In the finale, Joel reveals that he attempted suicide the day after Sarah died.

There is an optional conversation in the game that players can miss. Joel and Ellie find a bathtub with the skeleton of someone who committed suicide, and there’s a short exchange where Ellie says, “Oh, looks like they took the easy way out.” What Joel doesn’t know is that she’s repeating Riley’s language. But what Joel says is, “It’s never easy,” and the implication there is that he tried and couldn’t do it.

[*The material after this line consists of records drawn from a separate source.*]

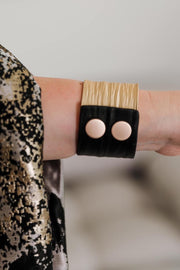 Escape From Paris: Gold Metal Black Leather Large Cuff with Snaps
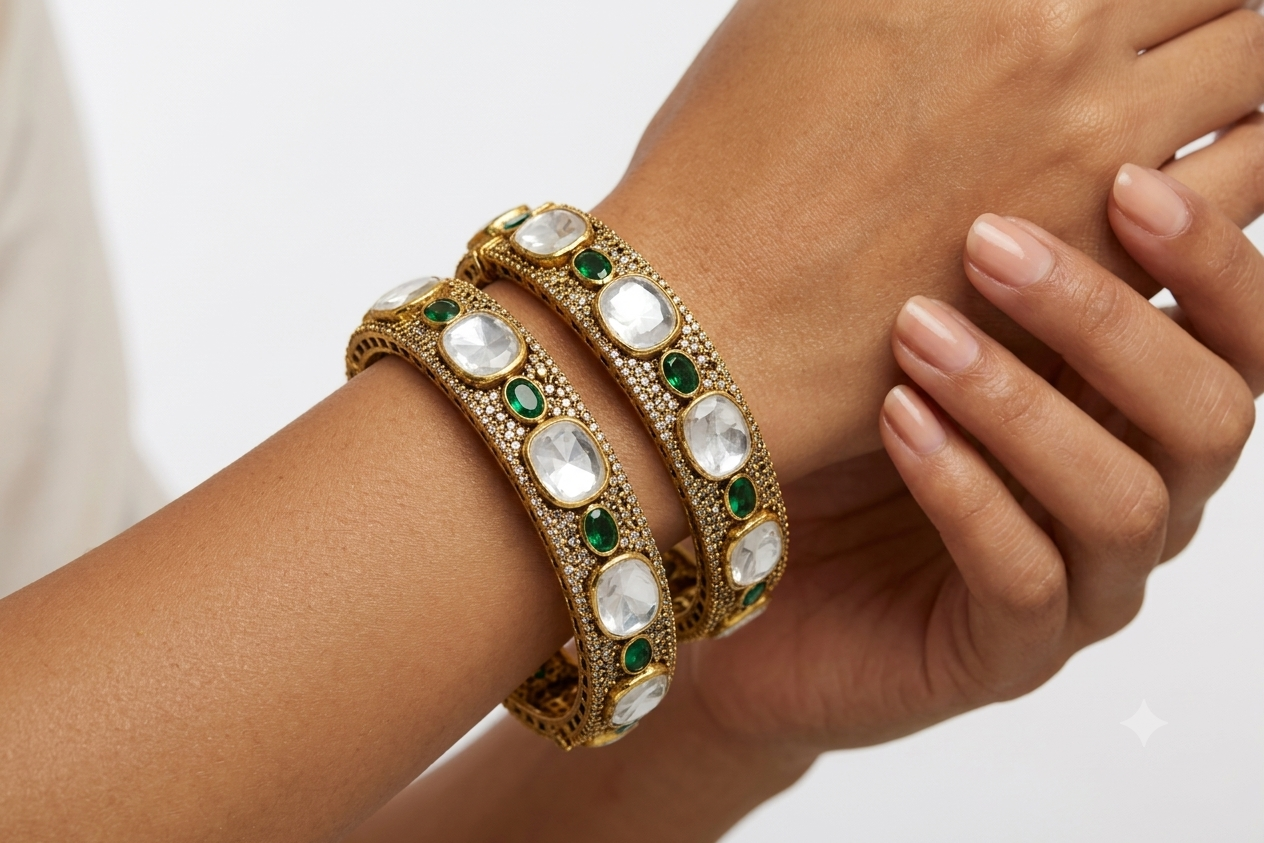 Gold plated 925 silver Rajsi Polki bangles with uncut white Polki stones, green emerald-style accents, and intricate antique craftsmanship for festive and bridal wear.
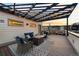 Relax on this rooftop patio with a pergola, string lights, and outdoor seating at 4062 W 16Th Ave, Denver, CO 80204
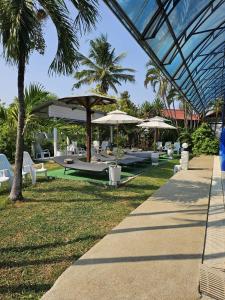 a resort with tables and umbrellas and chairs at Thai Garden​ Resort​ Kanchanaburi​ in Kanchanaburi City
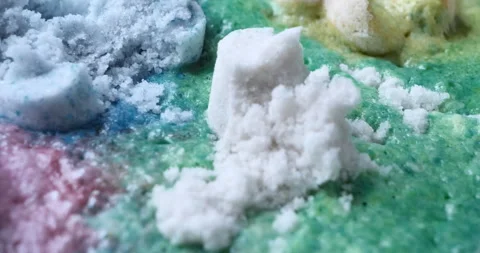 Close-up of colored bath bombs, white, yellow, green, blue, purple, reacting Stock Footage 244054821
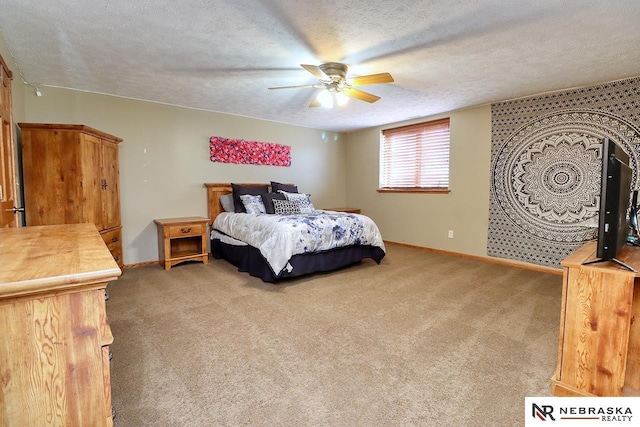 bedroom with carpet flooring, ceiling fan, and a textured ceiling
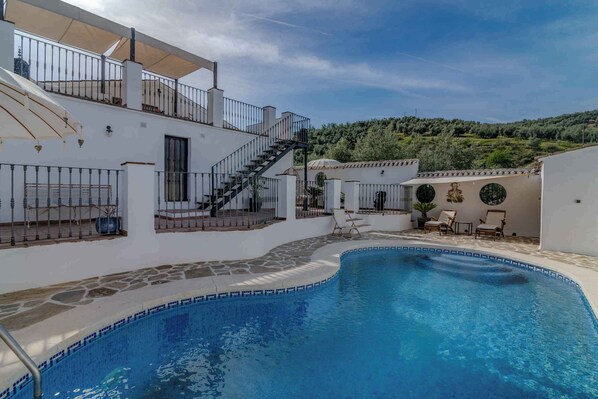 A pool area with a stone-tiled edge, a staircase leading to a covered balcony, and outdoor seating. - Romantic holiday home among the olive groves (Villanueva de Algaidas)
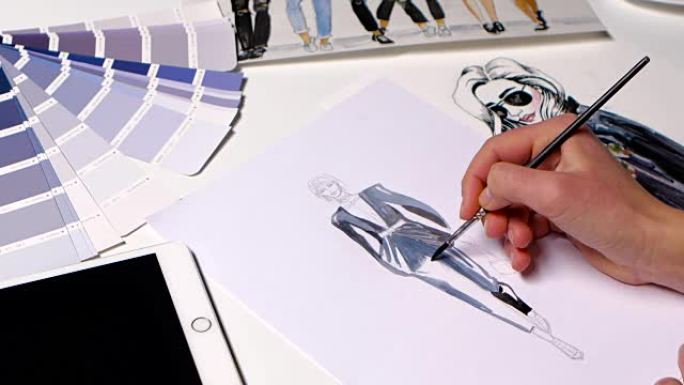 时装设计师在裙子的草图上画笔。特写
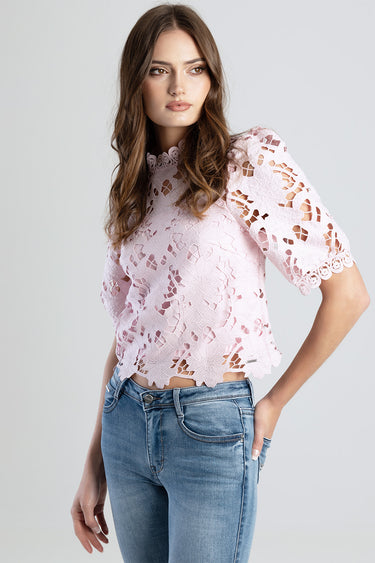 pink floral lace top with scalloped edges and short sleeves, worn by a model with blue jeans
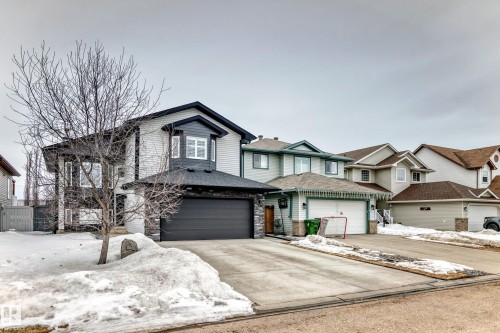 The property features a two-story design with a dark gray garage door, light-colored siding, and dark trim details - 8008 97 St, Morinville, AB - Outdoor With Facade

So we took this exchange and fleshed it out. Craig had the idea that he’d have this scar that we could talk about very early in the season. And so these two characters are carrying these secrets. Ellie never fully talks about Riley until the very end, and Joel never talks about the suicide attempt, or Sarah in general, until the very end. It symbolizes that all the cards are on the table. They fully trust each other and are fully being honest with each other. Until they’re not, at the very, very end.

This interview has been edited and condensed for clarity.